How about a fresh water tank; especially a fully planted tank.. you can leave it without water changes and feeding for many many days before problem occurs.


----------



## architeuthis (Apr 22, 2010)

Sorry to hear about your tank. 
That's why I got out of reef tanks. 
I had one for over 12 years and never went away on a vacation during that time.
Not even for a weekend.
Again sorry to hear about your tank.


----------



## Alkatraz (Jul 20, 2012)

Sorry for your losses.  

+1 for planted tanks, also for pet sitting services. We just got back from a 10 day vacation and had a bonded pet sitter feed the cats/fish daily. They even provided status updates every few days with pics.

Sent from my iPad using Tapatalk HD


----------



## Elle (Oct 25, 2010)

OMG, that's horrible. I am so sorry you had to deal with that. Some friend!  Crap like this is why I shell out the $ for a professional pet sitter. It's cheap for the peace of mind of knowing that my pets are well looked after. Are your other pets OK?
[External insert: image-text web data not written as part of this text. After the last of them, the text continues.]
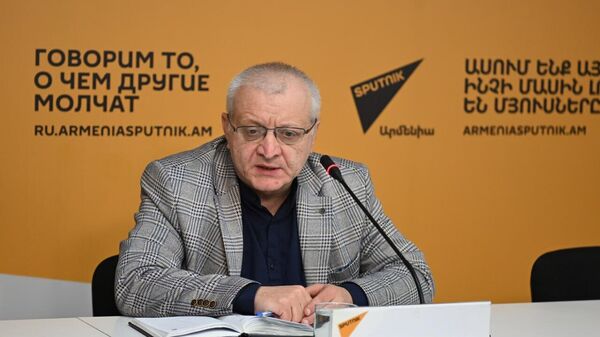 Политолог, лидер партии Демократическая альтернатива Сурен Суренянц во время пресс-конференции (23 декабря 2025). Еревaн - Sputnik Արմենիա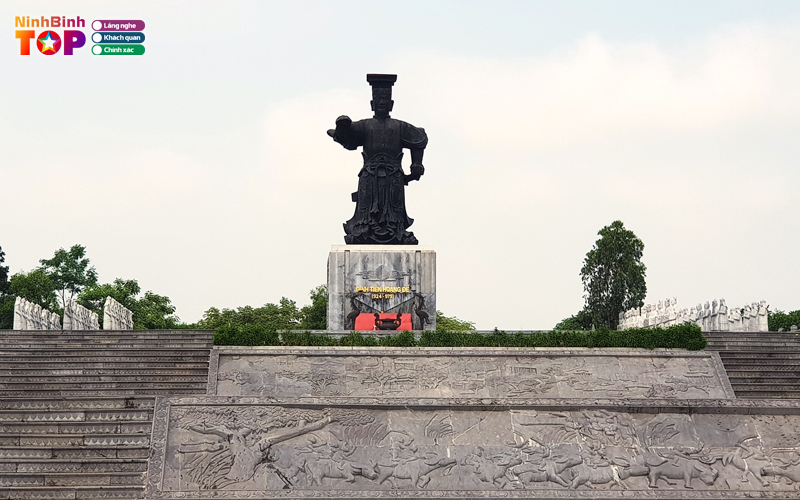 Quang-truong-dinh-tien-hoang-ninhbinhtoplist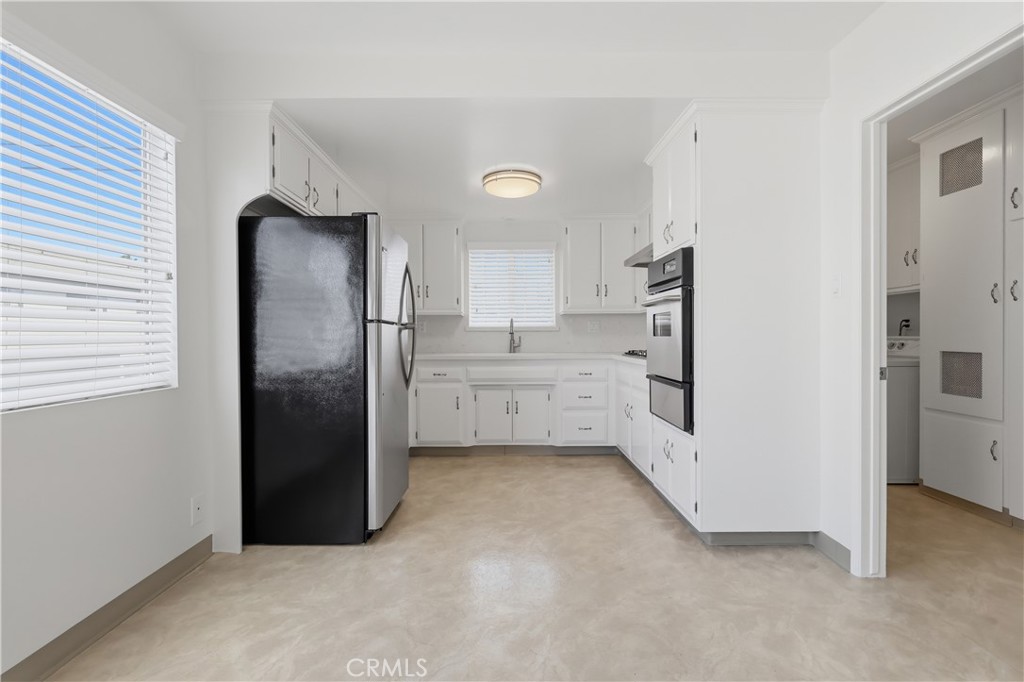 841 W 25th Street
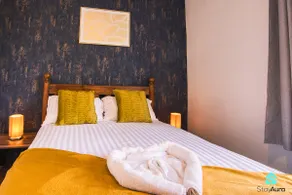 Modern 2 Bed, Sleeps 6 & Free Parking & By Stay Aura Short Term Rental Newcastle - Image 5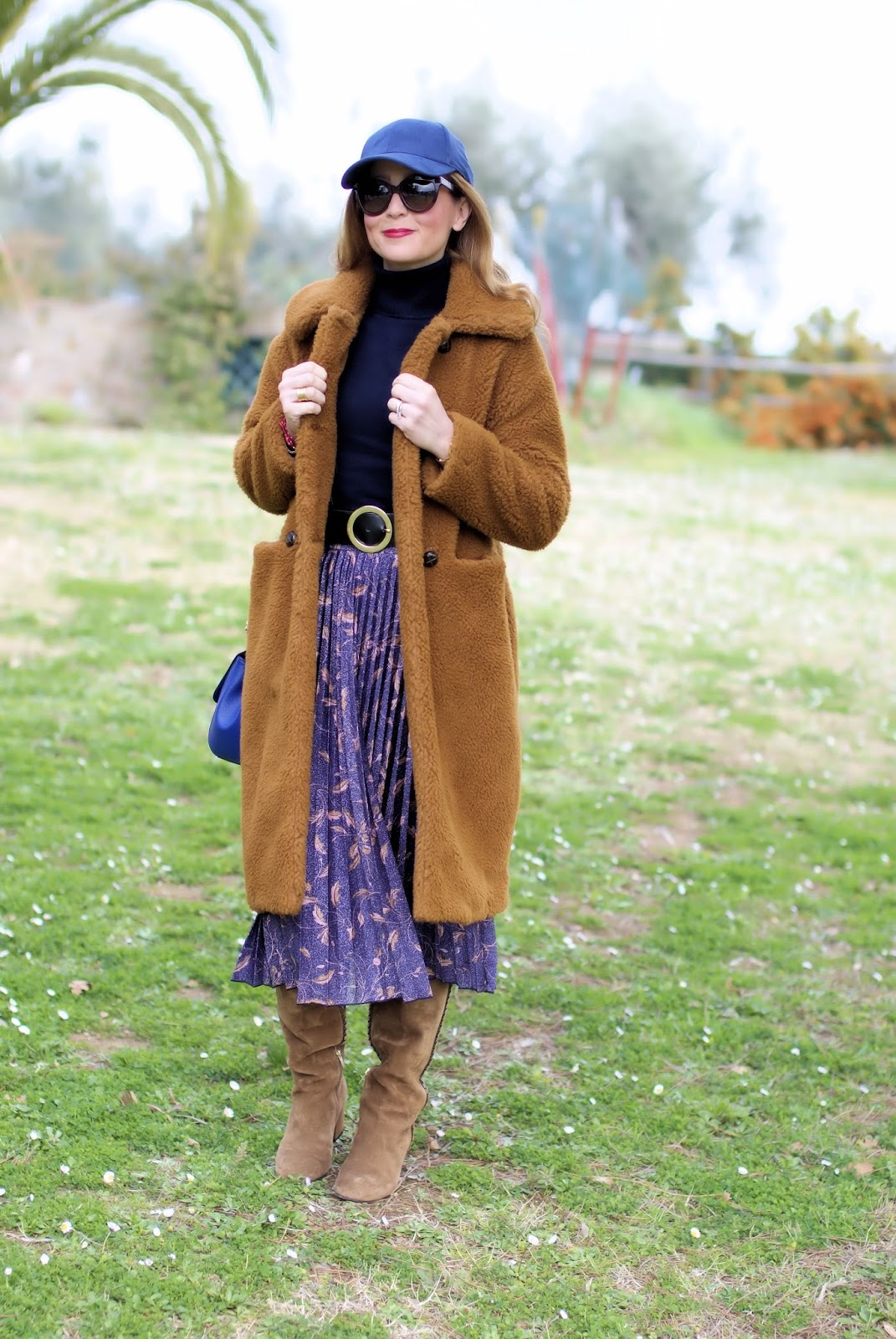 The Teddy Bear Coat trend on Fashion and Cookies international fashion blog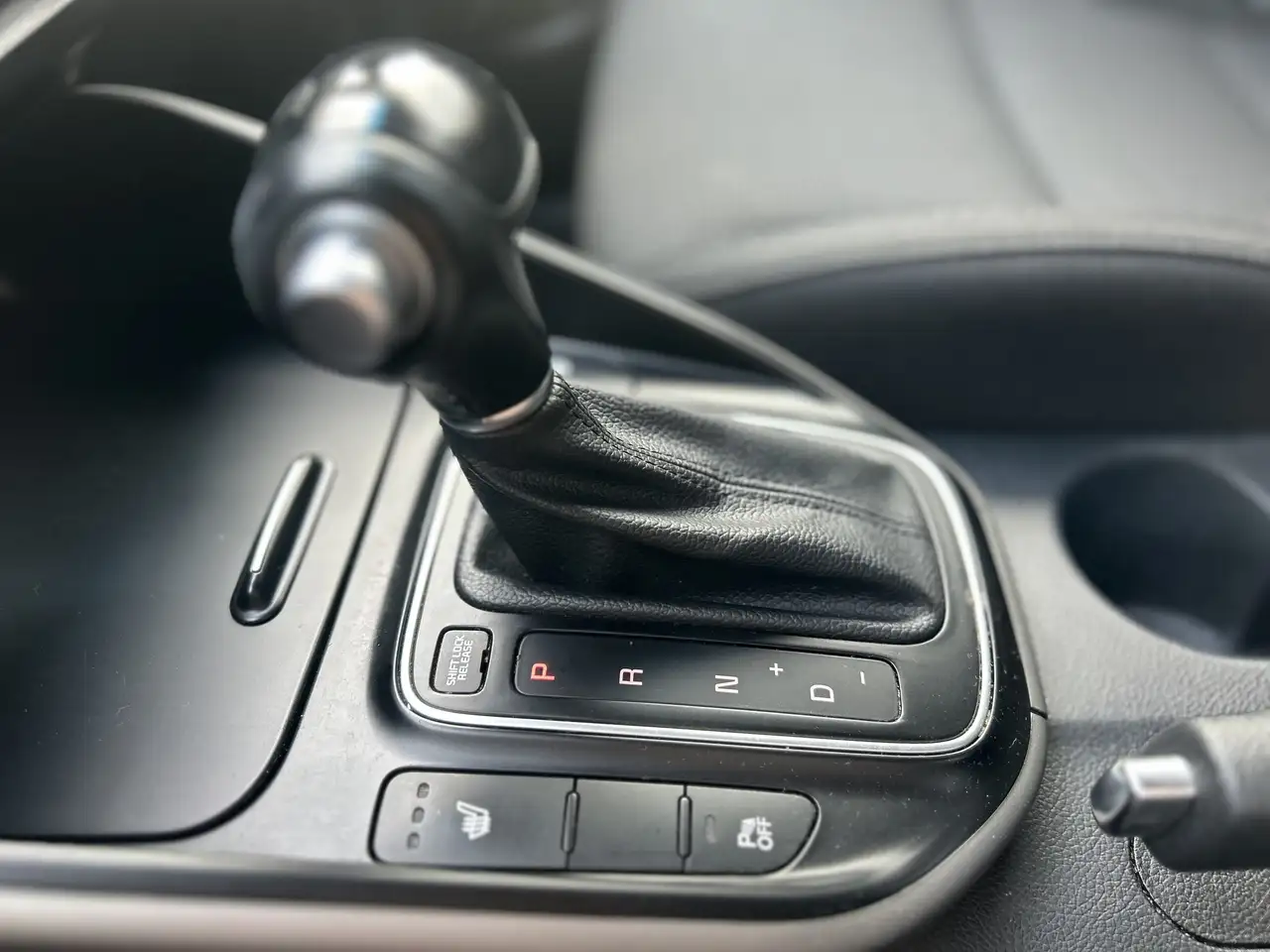 Kia Rondo снимка Kia Rondo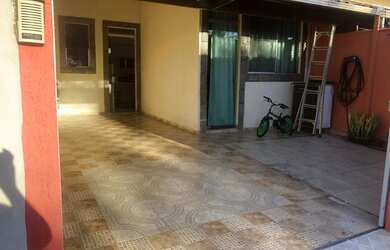 Imagem: A casa possui 3 Dormitórios, 1 Banheiro, 2 Vagas na garagem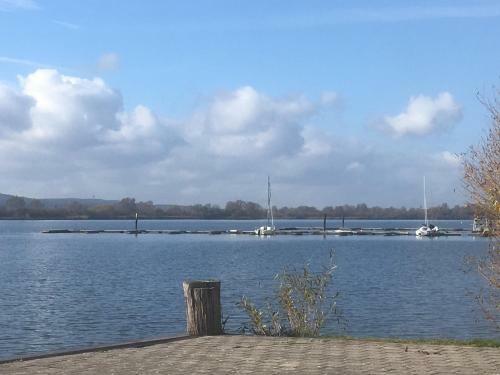 Apartamento Ferienwohnung Fr�nkisches Seenland - Fewo Antje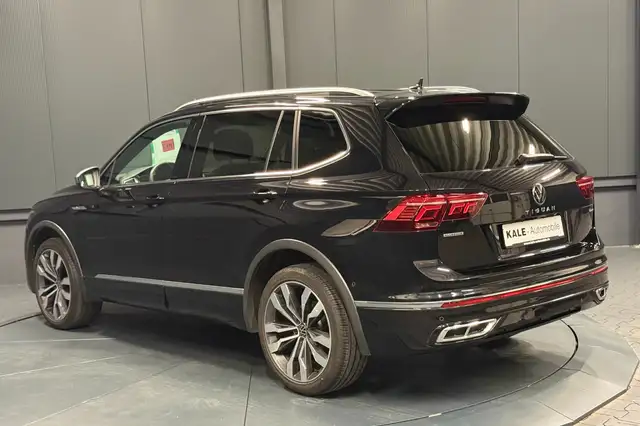 Volkswagen Tiguan Allspace view 4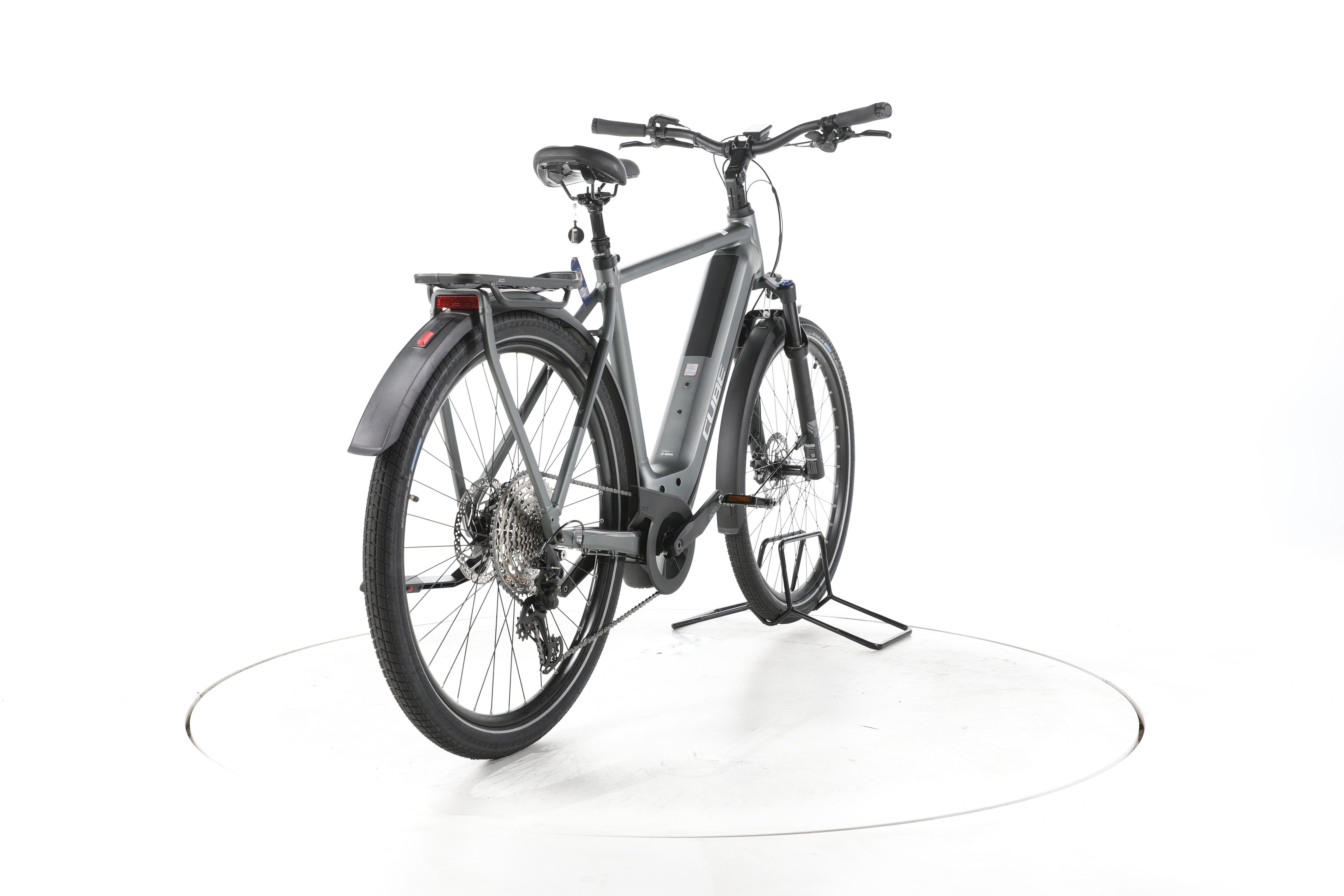 Cube Kathmandu Hybrid Pro Trekking E-Bike - Image 11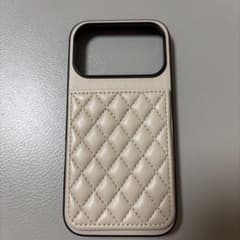 キルティング iPhone17Pro ケース ベージュのサムネイル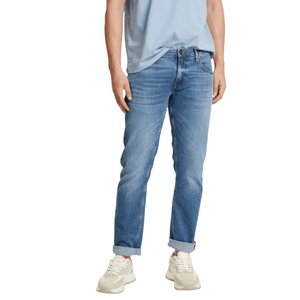 Herren Jeans in Blau im modernen Stil, getragen mit Sneakern, JeanZone Streetwear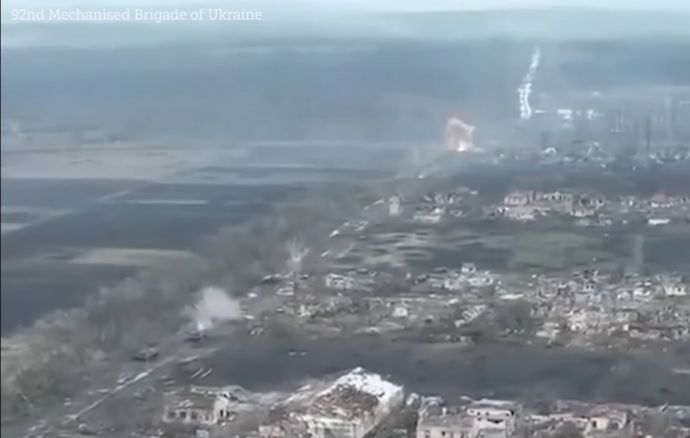 地面が固まり戦車戦も始まってるのか…ウクライナ陸軍のT-64BV戦車がロシア軍のT-72戦車を撃破！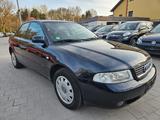 Audi A4 1.8 - Garagenfund! - Audi A4 aus 2000: 1.8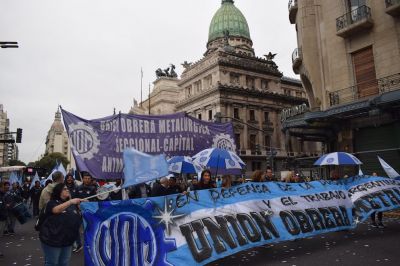 Primera protesta contra el tope a las paritarias: la UOM marcha para exigir la homologacin de su aumento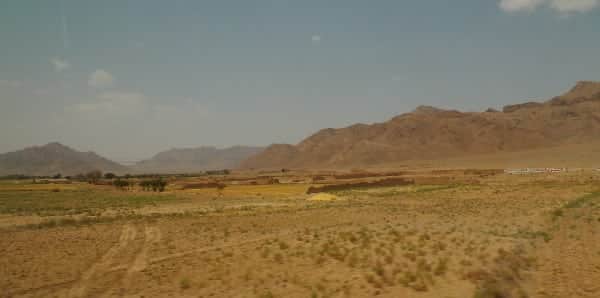 Desert landscapes on the Yazd - Shiraz road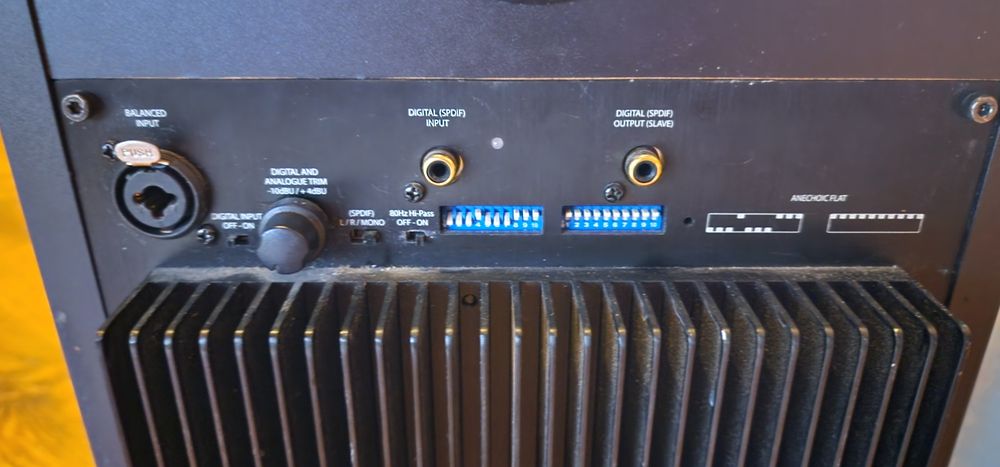 Monitor audio Tannoy REVEAL 8D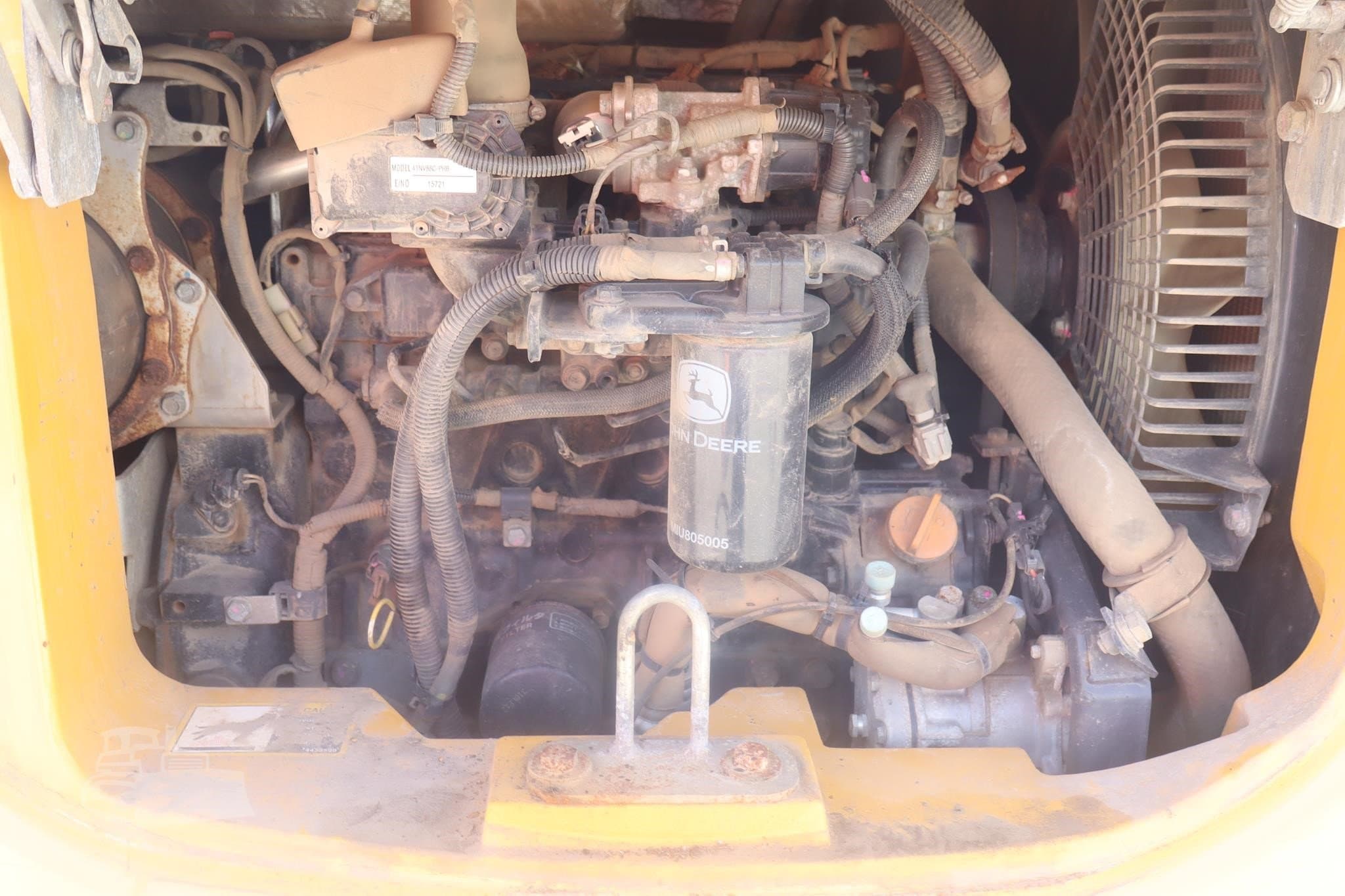 ZERO-TAIL-SWING DEERE 50G WITH QUICK COUPLER photo 7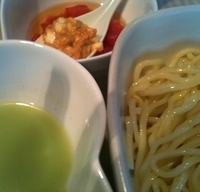 「雲丹と枝豆仕立ての冷製つけめんオリーブオイルとモッツァレラチーズ」@菜の写真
I hope you'll reconsider leaving the hobby. Stuff like this makes me wish that we could get that fish sitter club thing going!

I really hope you told this guy exactly what you think of him. I know the tank is worth more than money, but it's too bad you can't go after him for the $ value of lost fish and corals. People who neglect animals are...well, I can't say it on this forum.


----------



## April (Apr 21, 2010)

Very sad. The fact that the cat bowl was overflowing tells me he came by every now and then to fill the bowl.
Sounds like they were dead for awhile. Sorry to hear and sorry to see you leave the hobby.


----------



## sunshine_1965 (Aug 16, 2011)

That is a tragic loss. I do not blame you for your feelings. I would not take my frustration out on the hobby as much as I would on my so called friend. With a friend like that who needs an enemy. I hope that in a while you will give this great hobby another go round. Freshwater is definitely the best kind of tank to have if you plan on a vacation.


----------



## onefishtwofish (Apr 21, 2010)

sorry to hear. so needless.


----------



## effox (Apr 21, 2010)

That sucks Bubba. Sorry dude.


----------



## Jay2x (Jul 20, 2010)

reefing is nice to look at, sucks to maintain...would never trust any to sit the tank, b/c unless your paying them or some kind of signed agreement...they don't give a heck.


----------



## big_bubba_B (Apr 25, 2010)

thank you for the coments , maybe just need some time is just hard everytime i look at a nice tank or think about buying a used setup , just get the flash back of the gross looking tank ,.. i took alot of pride in my reef tank and it showed i had couple losses when i first got running did tons of research bought some good books and learned alot and it showed i had strong healthy fish my inverts were shedding and growing like crazy corals were groing , just hurts that someone didnt care what i envested alot of time and money into that tank helped alot when i was feeling depressed about having to give up trucking due to a messed up knee. sorry didnt meen for this to be a boo whoo sesion . im not good speaking my feelings but can type them out also if this helps with someone not losing a tank then it is worth saying this

spend a bit on a perfesinal .. a bit is better then all your fish and time and love down the drain 

also cats are doing good had to get a anti deppresent for tiggy our older cat , but cant blame him how many days did he have to live with the stench of rotting fish.


----------



## Vman (Jan 20, 2011)

Don't know what to say that hasn't been said.I have gone on several vacations now and was lucky enough that my friends did a great job with my pets.But then again,I got them all into tanks. Both of my buddies who care for my Africans also have them.Now I can imagine what would happen in your case if the wife didn't care for the tank from the beginning. If you do have a partner,I hope she would understand.


----------



## effox (Apr 21, 2010)

Well even if you do leave the hobby, don't leave the forum! We need someone to bash the Canucks after all...


----------



## JTang (Apr 21, 2010)

Wow that sucks! Sorry to hear about that! Now I'm worry about our trip to Hawaii in 4 months.... I better start teaching my mom on how to take care of my tanks! She does have 3 FW tanks but Reef tank is way more complicated....


----------



## sunshine_1965 (Aug 16, 2011)

JTang said:


> Wow that sucks! Sorry to hear about that! Now I'm worry about our trip to Hawaii in 4 months.... I better start teaching my mom on how to take care of my tanks! She does have 3 FW tanks but Reef tank is way more complicated....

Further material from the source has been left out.